[Crawled caption data]
========================================================================
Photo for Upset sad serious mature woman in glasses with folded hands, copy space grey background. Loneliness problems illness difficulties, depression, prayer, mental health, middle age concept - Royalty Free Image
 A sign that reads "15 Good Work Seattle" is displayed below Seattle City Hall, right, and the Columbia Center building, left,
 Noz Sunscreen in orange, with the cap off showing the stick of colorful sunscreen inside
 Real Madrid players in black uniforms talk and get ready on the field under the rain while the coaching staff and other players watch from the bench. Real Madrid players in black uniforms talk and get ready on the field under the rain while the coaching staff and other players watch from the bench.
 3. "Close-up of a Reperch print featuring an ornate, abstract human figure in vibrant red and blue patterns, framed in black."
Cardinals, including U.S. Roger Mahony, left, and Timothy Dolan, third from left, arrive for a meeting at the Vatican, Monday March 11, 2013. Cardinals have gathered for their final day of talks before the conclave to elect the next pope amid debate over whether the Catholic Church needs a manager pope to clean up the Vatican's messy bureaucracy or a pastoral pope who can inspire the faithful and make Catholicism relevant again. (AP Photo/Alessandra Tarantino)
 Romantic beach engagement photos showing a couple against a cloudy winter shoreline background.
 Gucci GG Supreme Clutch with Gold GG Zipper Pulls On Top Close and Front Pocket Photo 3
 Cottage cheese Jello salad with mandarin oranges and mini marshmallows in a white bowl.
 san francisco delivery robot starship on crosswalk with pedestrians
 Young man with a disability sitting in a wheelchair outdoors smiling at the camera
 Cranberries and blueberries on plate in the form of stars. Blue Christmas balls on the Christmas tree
========================================================================
■ **Task details**:
Copy from the entries only those lines that hold the word "Close".

■ **Completed exercise**:
 3. "Close-up of a Reperch print featuring an ornate, abstract human figure in vibrant red and blue patterns, framed in black."
 Gucci GG Supreme Clutch with Gold GG Zipper Pulls On Top Close and Front Pocket Photo 3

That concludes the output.